**Task instructions**
Look through the data for the string "Edition". Copy every line where it is found.

========

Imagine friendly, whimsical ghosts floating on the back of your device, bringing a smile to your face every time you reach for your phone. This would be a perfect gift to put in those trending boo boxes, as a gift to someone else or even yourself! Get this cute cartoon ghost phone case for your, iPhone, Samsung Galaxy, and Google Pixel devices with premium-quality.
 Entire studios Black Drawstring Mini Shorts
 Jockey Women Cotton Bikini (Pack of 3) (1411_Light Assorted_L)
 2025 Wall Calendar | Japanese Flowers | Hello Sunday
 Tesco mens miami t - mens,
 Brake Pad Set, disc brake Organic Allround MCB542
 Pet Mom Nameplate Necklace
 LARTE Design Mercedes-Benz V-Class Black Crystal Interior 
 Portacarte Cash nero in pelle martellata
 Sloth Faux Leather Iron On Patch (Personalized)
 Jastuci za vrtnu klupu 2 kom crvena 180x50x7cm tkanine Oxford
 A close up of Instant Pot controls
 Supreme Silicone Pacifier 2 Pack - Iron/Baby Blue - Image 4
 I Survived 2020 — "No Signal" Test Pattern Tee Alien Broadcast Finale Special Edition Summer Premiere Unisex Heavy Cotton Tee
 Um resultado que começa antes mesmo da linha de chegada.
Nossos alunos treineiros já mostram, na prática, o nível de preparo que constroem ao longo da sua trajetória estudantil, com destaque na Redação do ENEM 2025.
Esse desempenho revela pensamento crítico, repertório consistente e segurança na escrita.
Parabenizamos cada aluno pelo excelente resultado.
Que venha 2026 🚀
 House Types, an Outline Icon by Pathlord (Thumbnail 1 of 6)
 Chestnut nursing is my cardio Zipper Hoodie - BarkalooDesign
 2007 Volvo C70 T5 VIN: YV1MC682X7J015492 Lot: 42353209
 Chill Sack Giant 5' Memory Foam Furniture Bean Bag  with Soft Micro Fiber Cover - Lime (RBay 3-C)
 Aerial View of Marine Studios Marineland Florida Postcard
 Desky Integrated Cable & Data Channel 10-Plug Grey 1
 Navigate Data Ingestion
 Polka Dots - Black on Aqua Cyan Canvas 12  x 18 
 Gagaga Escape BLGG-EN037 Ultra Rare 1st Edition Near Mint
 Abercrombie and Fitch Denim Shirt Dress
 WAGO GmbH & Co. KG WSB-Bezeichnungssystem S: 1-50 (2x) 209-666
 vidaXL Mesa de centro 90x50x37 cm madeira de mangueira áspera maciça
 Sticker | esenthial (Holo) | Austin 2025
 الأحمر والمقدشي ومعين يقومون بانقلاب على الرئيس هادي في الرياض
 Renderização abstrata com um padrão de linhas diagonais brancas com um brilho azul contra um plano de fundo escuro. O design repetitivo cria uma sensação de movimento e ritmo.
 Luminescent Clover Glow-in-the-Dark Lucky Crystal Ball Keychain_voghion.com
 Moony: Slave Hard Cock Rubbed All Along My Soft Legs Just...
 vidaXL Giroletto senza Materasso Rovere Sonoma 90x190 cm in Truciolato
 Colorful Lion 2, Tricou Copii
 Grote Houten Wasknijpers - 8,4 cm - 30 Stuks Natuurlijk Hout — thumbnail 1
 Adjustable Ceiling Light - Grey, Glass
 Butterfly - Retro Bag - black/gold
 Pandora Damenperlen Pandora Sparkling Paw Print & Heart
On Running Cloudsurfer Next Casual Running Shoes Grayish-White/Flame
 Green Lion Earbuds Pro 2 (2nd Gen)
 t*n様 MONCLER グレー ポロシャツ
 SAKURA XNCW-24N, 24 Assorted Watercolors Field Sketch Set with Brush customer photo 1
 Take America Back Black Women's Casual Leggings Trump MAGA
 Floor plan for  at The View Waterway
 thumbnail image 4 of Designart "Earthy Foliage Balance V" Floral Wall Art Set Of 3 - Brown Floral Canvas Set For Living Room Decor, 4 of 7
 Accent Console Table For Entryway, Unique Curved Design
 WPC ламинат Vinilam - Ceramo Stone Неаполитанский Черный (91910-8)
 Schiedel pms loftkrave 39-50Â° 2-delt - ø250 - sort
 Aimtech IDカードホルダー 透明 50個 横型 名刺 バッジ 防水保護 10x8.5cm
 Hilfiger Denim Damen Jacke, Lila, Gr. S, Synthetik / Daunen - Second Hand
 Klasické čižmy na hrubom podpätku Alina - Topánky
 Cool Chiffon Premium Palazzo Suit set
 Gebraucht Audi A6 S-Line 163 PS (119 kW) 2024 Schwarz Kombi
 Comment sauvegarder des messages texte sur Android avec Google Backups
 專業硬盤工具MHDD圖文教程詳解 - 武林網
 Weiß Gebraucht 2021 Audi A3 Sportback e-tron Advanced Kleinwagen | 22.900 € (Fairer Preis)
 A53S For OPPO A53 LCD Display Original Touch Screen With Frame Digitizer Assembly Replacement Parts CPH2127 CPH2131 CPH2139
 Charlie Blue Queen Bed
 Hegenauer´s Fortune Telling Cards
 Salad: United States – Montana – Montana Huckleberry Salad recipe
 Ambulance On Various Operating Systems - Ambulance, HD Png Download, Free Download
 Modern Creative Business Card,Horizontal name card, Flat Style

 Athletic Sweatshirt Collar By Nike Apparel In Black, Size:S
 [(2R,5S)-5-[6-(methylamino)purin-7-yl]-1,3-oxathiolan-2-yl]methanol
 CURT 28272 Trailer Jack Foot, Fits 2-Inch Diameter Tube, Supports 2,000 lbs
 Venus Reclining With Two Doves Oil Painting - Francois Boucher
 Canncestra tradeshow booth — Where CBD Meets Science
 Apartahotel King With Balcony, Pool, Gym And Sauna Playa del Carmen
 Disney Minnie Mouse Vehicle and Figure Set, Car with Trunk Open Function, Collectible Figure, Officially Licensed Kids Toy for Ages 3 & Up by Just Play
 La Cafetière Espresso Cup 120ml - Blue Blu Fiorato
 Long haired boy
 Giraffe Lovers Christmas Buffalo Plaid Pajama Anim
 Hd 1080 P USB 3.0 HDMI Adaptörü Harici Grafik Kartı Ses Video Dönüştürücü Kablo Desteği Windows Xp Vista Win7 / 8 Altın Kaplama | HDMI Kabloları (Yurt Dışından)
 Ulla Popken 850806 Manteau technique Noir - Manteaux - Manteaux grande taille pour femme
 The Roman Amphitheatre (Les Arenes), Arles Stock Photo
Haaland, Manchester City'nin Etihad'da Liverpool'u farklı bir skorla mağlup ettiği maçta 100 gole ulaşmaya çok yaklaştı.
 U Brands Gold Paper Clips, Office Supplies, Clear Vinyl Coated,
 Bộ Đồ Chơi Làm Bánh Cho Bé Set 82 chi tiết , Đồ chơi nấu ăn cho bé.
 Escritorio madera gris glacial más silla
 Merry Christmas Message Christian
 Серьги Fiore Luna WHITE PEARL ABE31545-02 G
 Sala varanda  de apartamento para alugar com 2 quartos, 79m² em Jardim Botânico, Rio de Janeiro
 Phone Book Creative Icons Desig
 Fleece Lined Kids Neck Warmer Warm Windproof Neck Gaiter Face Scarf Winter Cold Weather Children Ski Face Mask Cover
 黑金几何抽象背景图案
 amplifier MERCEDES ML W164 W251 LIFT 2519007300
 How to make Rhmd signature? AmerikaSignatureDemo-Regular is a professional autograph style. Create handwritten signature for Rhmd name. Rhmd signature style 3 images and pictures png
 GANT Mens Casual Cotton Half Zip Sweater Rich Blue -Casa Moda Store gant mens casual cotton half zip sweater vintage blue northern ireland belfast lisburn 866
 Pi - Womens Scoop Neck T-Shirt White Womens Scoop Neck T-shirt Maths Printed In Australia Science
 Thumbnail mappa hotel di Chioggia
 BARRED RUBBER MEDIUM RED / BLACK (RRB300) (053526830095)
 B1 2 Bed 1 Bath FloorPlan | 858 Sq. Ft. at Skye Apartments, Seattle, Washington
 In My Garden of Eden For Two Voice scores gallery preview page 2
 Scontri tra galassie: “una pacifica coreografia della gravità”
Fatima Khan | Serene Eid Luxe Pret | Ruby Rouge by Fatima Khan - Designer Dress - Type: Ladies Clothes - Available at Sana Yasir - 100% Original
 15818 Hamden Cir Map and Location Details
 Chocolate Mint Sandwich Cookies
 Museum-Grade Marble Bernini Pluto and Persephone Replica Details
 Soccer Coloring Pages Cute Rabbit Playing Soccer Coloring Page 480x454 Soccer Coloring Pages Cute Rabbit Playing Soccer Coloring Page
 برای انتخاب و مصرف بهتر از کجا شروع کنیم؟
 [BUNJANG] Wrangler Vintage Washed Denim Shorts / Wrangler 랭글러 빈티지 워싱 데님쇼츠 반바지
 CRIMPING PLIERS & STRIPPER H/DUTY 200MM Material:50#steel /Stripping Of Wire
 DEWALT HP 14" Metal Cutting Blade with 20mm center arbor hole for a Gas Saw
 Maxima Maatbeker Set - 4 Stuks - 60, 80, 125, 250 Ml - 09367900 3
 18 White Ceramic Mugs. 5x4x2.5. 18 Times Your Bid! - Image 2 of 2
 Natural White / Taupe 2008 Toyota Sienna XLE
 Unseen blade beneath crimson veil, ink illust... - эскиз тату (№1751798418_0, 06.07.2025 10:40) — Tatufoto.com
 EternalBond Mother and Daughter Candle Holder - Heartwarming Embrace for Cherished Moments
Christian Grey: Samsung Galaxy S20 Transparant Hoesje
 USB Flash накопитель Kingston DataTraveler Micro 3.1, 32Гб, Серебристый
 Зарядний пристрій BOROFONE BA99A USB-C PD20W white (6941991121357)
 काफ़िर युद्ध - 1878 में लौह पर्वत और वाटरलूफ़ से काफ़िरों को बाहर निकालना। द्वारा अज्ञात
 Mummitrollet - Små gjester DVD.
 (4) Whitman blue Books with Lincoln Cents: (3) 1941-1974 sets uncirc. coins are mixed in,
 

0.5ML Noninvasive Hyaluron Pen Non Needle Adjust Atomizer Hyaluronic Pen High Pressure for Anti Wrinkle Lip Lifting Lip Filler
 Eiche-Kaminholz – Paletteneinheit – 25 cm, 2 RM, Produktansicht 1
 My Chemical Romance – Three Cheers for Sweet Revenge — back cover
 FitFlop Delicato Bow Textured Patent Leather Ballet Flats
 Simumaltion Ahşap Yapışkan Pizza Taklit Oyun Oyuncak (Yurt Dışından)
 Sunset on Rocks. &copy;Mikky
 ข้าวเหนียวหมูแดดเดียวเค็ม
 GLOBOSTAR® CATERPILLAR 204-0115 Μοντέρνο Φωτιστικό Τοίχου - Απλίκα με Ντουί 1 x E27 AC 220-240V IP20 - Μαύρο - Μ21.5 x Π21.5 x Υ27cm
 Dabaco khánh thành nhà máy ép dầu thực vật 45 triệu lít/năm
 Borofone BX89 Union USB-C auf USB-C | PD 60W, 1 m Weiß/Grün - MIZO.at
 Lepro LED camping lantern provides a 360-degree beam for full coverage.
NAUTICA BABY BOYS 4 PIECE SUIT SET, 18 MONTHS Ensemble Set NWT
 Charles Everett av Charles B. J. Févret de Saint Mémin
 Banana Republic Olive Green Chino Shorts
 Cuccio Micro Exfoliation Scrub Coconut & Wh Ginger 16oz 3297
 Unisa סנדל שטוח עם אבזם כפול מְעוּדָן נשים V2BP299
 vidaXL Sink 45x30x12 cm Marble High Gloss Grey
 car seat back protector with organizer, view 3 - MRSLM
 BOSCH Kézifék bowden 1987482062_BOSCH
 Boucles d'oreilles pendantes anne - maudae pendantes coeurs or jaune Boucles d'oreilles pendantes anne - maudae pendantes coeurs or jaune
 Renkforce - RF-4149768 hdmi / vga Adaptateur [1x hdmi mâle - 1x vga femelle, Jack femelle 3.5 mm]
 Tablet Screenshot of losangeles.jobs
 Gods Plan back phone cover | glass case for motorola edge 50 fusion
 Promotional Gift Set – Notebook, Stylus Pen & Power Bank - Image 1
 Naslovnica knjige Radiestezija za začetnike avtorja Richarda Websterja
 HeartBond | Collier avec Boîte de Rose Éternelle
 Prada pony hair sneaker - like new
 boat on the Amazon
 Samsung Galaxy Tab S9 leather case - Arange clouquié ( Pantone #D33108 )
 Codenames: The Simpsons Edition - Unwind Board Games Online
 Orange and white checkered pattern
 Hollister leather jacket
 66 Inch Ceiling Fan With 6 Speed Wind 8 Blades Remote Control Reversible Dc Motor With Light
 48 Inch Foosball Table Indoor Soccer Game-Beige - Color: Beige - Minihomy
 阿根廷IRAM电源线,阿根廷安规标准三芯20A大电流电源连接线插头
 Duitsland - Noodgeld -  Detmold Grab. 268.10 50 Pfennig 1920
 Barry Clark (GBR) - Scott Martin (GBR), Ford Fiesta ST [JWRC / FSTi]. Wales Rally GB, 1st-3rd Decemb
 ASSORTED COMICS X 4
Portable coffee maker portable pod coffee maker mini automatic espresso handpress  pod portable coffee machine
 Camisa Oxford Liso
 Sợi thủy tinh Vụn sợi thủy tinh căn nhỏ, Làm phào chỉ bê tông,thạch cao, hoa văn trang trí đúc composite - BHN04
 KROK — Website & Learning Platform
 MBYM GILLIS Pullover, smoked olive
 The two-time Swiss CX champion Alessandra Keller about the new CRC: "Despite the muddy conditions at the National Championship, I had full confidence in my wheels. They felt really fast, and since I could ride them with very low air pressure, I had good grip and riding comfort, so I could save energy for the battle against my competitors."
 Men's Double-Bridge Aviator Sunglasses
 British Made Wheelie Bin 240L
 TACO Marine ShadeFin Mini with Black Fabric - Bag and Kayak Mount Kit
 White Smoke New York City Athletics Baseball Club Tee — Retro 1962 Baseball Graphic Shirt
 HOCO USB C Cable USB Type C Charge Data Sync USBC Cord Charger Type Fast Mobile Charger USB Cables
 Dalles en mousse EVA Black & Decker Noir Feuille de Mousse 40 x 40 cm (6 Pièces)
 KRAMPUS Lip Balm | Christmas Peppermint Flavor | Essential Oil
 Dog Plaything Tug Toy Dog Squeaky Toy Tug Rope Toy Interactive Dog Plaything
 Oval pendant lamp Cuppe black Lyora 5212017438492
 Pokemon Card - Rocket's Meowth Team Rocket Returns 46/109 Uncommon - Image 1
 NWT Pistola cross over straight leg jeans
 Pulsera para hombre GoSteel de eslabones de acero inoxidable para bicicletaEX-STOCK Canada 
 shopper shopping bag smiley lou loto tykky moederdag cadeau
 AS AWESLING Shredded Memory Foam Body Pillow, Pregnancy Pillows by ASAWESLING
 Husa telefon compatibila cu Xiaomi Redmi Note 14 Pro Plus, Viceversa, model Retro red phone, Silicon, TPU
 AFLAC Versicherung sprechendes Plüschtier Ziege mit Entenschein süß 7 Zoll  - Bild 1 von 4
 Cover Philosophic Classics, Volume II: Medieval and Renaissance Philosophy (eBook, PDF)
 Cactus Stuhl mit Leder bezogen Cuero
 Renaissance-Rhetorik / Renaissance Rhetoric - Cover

========

**Response to this task**
 I Survived 2020 — "No Signal" Test Pattern Tee Alien Broadcast Finale Special Edition Summer Premiere Unisex Heavy Cotton Tee
 Gagaga Escape BLGG-EN037 Ultra Rare 1st Edition Near Mint
 Codenames: The Simpsons Edition - Unwind Board Games Online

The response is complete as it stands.